Mas ninguém pode forçar um povo a esquecer, principalmente quando a realidade diária é
vista por todos os árabes como a reprodução da injustiça original.
Em segundo lugar, após 7 anos de uma piora continuada nas condições econômicas e
sociais dos palestinos de um modo geral, os políticos americanos e israelenses
persistiram em alardear seu sucesso, excluindo a ONU e outras partes interessadas,
dobrando a mídia de acordo com suas vontades, distorcendo a realidade, transformando-a em
vitórias efêmeras da "paz". Com todo o mundo árabe pegando em armas contra as
forças israelenses e os tanques demolindo os prédios civis palestinos, com quase 100
mortos e quase 2.000 feridos, inclusive muitas crianças, e com os palestinos israelenses
se revoltando contra o tratamento de terceira classe dado a eles, o desestruturado status
quo está se desmantelando. Isolado na ONU e odiado em qualquer parte do mundo
árabe, os Estados Unidos e seu presidente pato manco, pouco podem fazer..
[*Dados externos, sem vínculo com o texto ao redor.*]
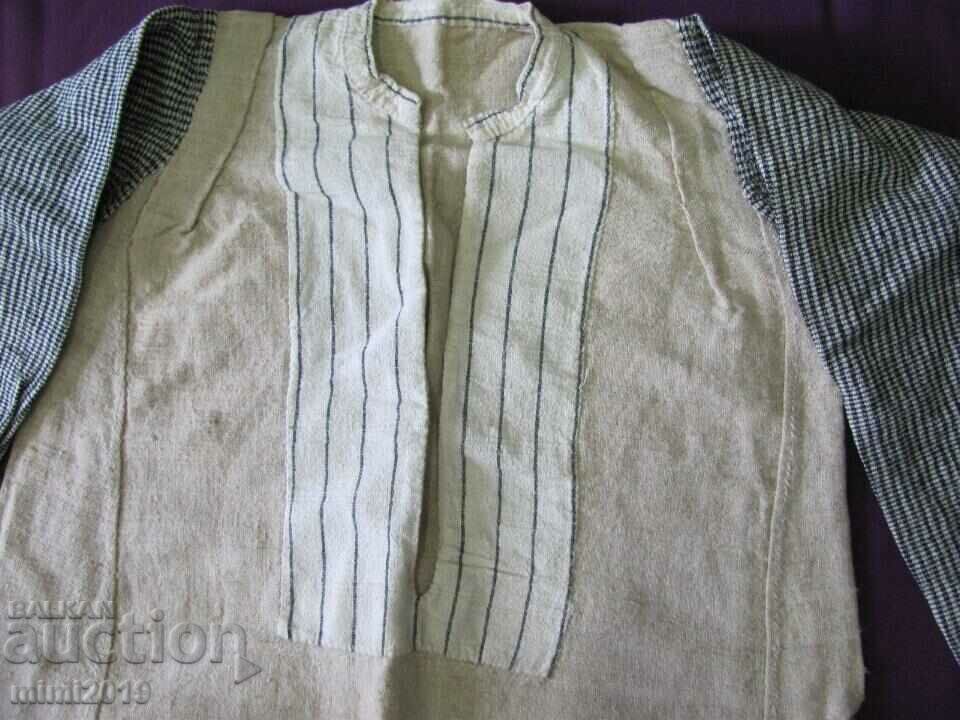 Auction 19th century Folk Art Linen Shirt Auction 19th century Folk Art Linen Shirt
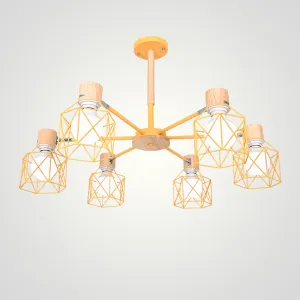 Потолочная люстра CORF B3 Yellow 6 lamps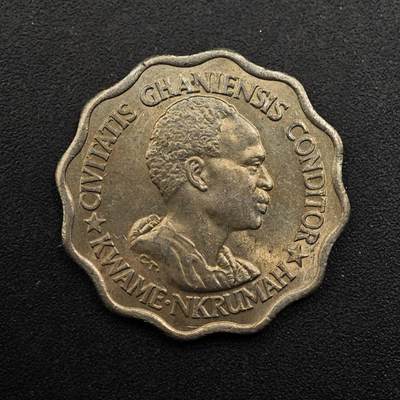 【淘币小摊】实时拍第八百七十六拍   散币场    每周一统一发货 - 加纳1965年5比赛瓦镍币原光品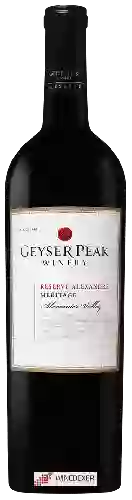 Winery Geyser Peak - Reserve Alexandre Meritage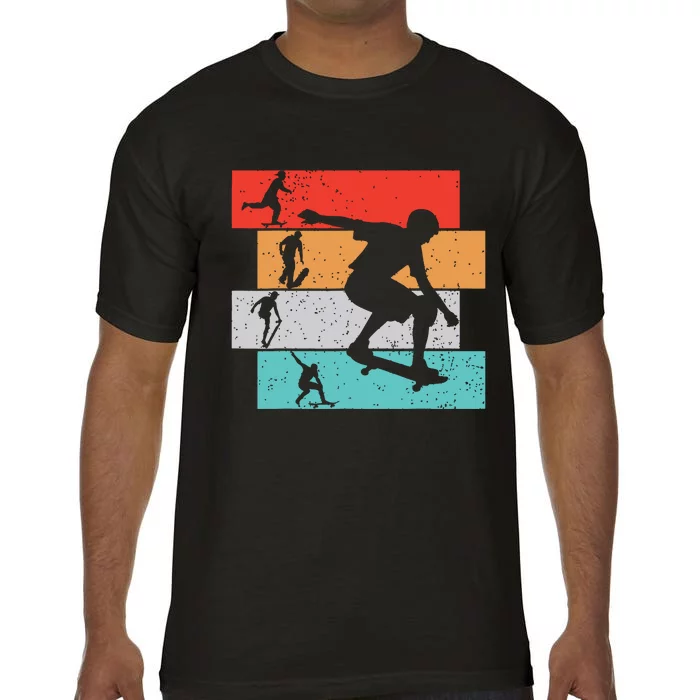 Skater Skateboarder Retro Skateboard Boy Comfort Colors T-Shirt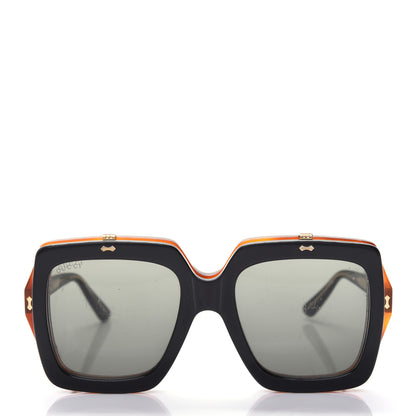 Gucci Acetate Oversized Flip Up Sunglasses GG0088S Tortoise Black 2 of 12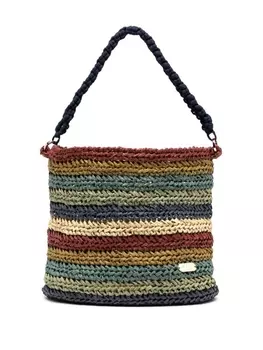 0711 плетеная сумка-тоут Havana, мультиколор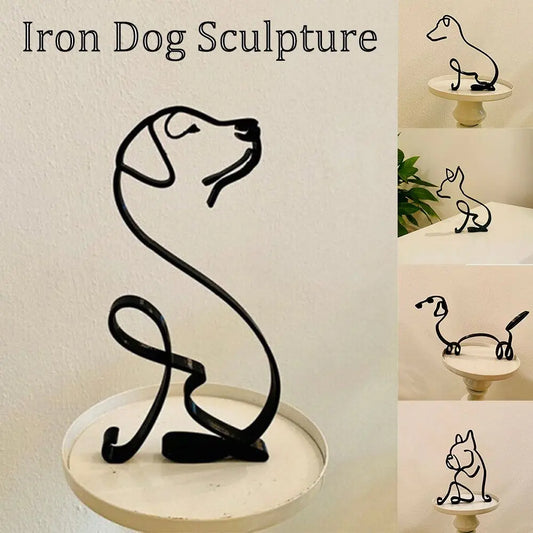 Party Decorations, Minimalist Animal Art, Handmade Metal Sculptures, Desk Decor, Custom Cat Dog Figurines, Retro Home Ornamen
Tão pouco o podem as lideranças árabe e israelense,
muito embora eles provavelmente construam um outro acordo interino. Extraordinário tem
sido o silêncio virtual do sionismo nos Estados Unidos, Europa e Israel. O massacre de
jovens palestinos continua enquanto apoiam a brutalidade israelense ou expressam seu
desapontamento com a ingratidão palestina. Pior de tudo é a mídia americana,
amedrontada diante do lobby israelense, com comentaristas e âncoras tecendo relatos
distorcidos sobre "fogo cruzado" e "violência palestina",sem fazerem
referência ao fato de que Israel é que está ocupando militarmente a Palestinas e que os
palestinos estão lutando, e não "cercando Israel", como disse Madeleine
Albright. Enquanto os Estados Unidos comemoram a vitória sérvia sobre Milosevic, Clinton
e seus ajudantes se recusam a ver na insurreição palestina a mesma espécie de luta
contra a injustiça.
Minha suposição é a de que a nova intifada palestina é dirigida a Arafat, que desviou
seu povo com falsas promessas e mantém uma bateria de oficiais corruptos que detêm o
monopólio comercial, ainda que administrado de forma incompetente e fraca em seu nome.
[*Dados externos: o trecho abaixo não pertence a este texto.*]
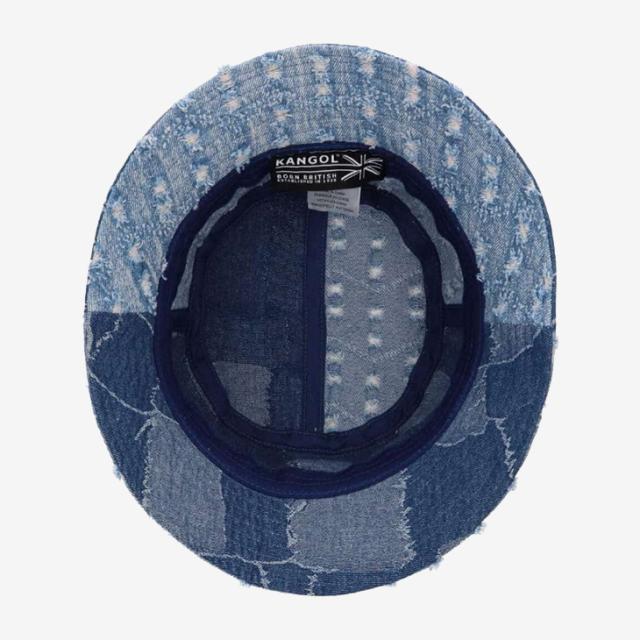 ・KANGOL｜Denim Mashup Bucket Hat/ カンゴール/デニム マッシュアップ バケット ハット/ミディアムブルー #_3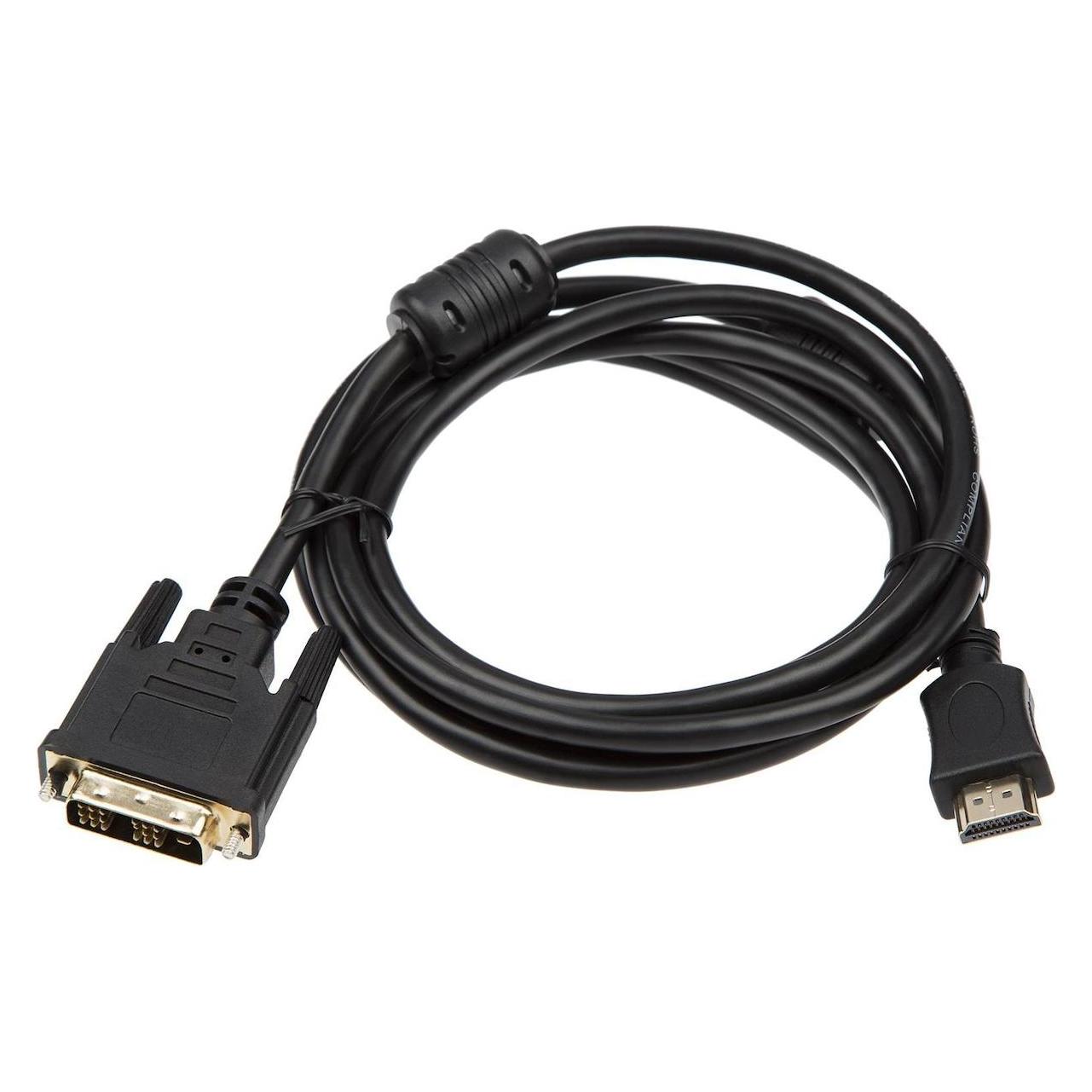 Iiglo HDMI til DVI kabel 3m (sort) (3 m) (II-DVIMHDMIM-B030)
60% do orçamento público são desembolsados por Arafat para a burocracia e segurança,
somente 2% vão para a infraestrutura. Há três anos atrás, seus contadores admitiram
que US$400 milhões desapareceram. Seus padrinhos internacionais aceitam isto em nome do
"processo de paz", certamente a frase mais odiada do léxico palestino dos dias
atuais.
Aos poucos,está surgindo entre os principais palestinos israelenses da Cisjordânia, de
Gaza e da diáspora, um plano alternativo de paz e de liderança. Milhares desses
palestinos assinaram um conjunto de declarações que tem grande apoio popular: não à
estrutura de Oslo; não comprometer as Resoluções da ONU (242, 338 e 194), que serviram
de base para a convocação da Conferência de Madrid, em 1991; remoção de todos os
assentamentos e estradas militares; evacuação de todos os territórios anexados ou
ocupados em 1967; boicote aos produtos e serviços israelenses. Na verdade, um novo
sentimento pode ser percebido de que somente um movimento de massa contra o apartheid
israelense (semelhante ao da África do Sul) funcionará. Certamente Barak e Albright
erram ao responsabilizarem Arafat pelo que ele não controla inteiramente. Ao invés de
rejeitar a nova estrutura que está sendo proposta, os defensores de Israel deveriam se
lembrar de que a questão da Palestina refere-se a todo um povo e não a um líder velho e
desacreditado. Além do mais, a paz Palestina/Israel somente poderá ser feita entre
iguais, isto é, desde que a ocupação militar tenha terminado. Nenhum palestino, nem
mesmo Arafat, pode aceitar menos do que isso.